In Part 11 of my series, I addressed steps that Canadian businesses can take to identify and to assess the risk that there is modern slavery in the business and/or its supply chains. The next step addresses how a business can operationalize its commitment not to utilize forced labour or child labour1 within business operations and supply chains in order to ensure long-term success and sustainability.
1. Supplier Code of Conduct
The first step for a Canadian business is to clearly articulate what it expects of its suppliers. The Supplier Code of Conduct should set forth required minimum standards and behaviours in terms of human rights, health and safety, business conduct and compliance with anti-corruption and other applicable laws and regulations.
It may also be appropriate, depending on the business and its approach to ESG, to align the Supplier Code of Conduct to international norms and instruments such as the UN Guiding Principles on Business and Human Rights and the OECD Guidelines for Multinational Enterprises. Internal training and education of employees of the business is critical to the success of these efforts to combat these human rights abuses in the business and its supply chains.
2. Supplier Training and Education
Businesses must take the time and effort to communicate their expectations to suppliers and to provide training on how to identify and to address potential or ongoing forced labour, child labour, modern slavery, human trafficking and worker exploitation in the business or its supply chains. Training should also address what the supplier should do if it suspects or identifies forced labour being utilized in the supply chain.
The Supplier Code of Conduct should articulate the steps and measures that suppliers must take to monitor and report on compliance with the Code and the steps expected and remedial action to be taken to address non-compliant conduct.
3. Contractual Documentation
Contractual documentation to be entered into between the business and its suppliers is essential to the efforts of the business to operationalize its commitment to prohibit the use of forced labour or child labour in its operations and supply chains.

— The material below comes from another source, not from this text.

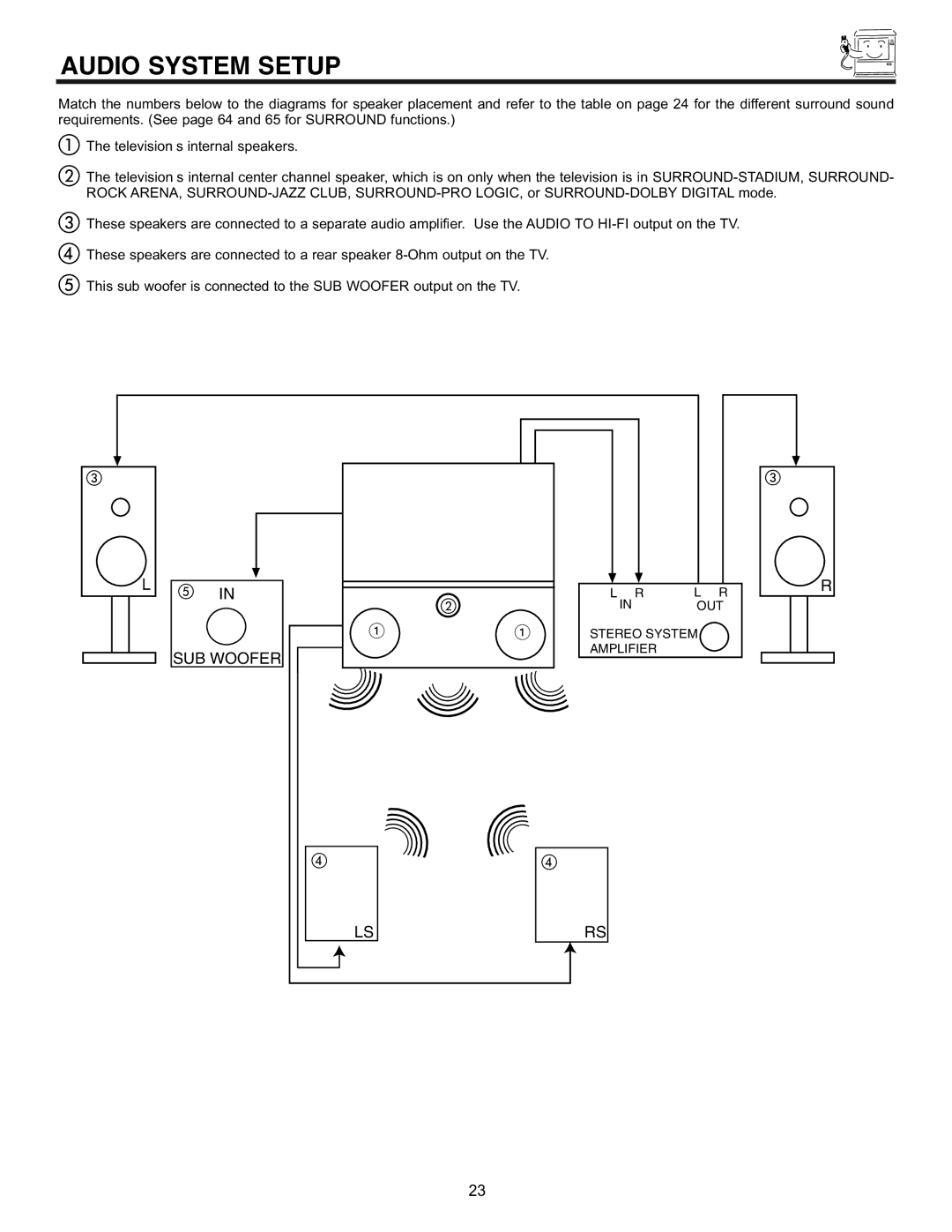 Hitachi 53SWX01W, 61SWX01W manual Audio System Setup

The contractual provisions will create enforceable obligations of suppliers as to the standards of the business articulated in the Supplier Code of Conduct, as well as reporting, supplier audits and inspections, and remediation of adverse human rights impacts. The business will want to include provisions that flow down the supply chain to sub-contactors and sub-suppliers.

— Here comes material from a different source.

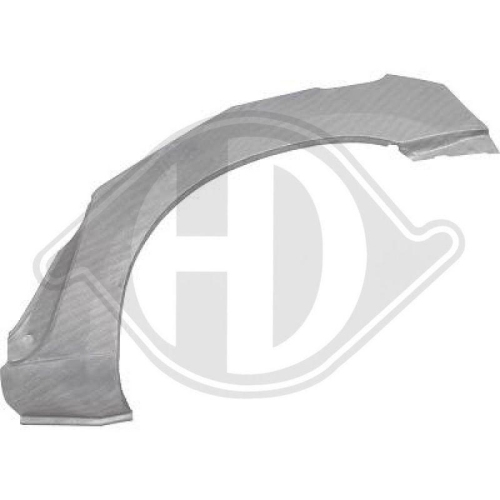DIEDERICHS Panel lateral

4. Supplier Audits and Inspections
The Supplier Code of Conduct will provide for Supplier audits and inspections. These can be a very effective tool for businesses to get objective and timely visibility and verification of what is actually occurring at the supplier's worksites, factories, production and distribution facilities. While these audits and inspections have been very challenging since the outbreak of the COVID-19 pandemic, due to government restrictions on travel and other factors, they should still be an important component of the Supplier Code of Conduct.
To optimize the success of the efforts of your business in addressing forced labour and other human rights abuses, the four action items above should be developed with a view to making them bespoke to your business, its approach to ESG, its operations and its supply chains. And don't underestimate the ROI of the engagement of your employees in these efforts. Providing them with ongoing education and training on how to identify and address potential and actual risks of forced labour, child labour and modern slavery is essential.
5. More in this series
For further information, please read the other parts of our Guide to addressing modern slavery in your business and supply chain for Canadian directors:
6. How we can help
To find out more about how Gowling WLG can help your business expertly organize and manage due diligence and other governance, risk, compliance and supply chain issues, please contact the author Stephen Pike.
 According to the International Labour Organization, the term "child labour" is often defined as work or service that deprives children of their childhood, their potential and their dignity, and that is harmful to physical and mental development. It refers to work that is mentally, physically, socially or morally dangerous and harmful to children; and/or interferes with their schooling by: depriving them of the opportunity to attend school; obliging them to leave school prematurely; or requiring them to attempt to combine school attendance with excessively long and heavy work.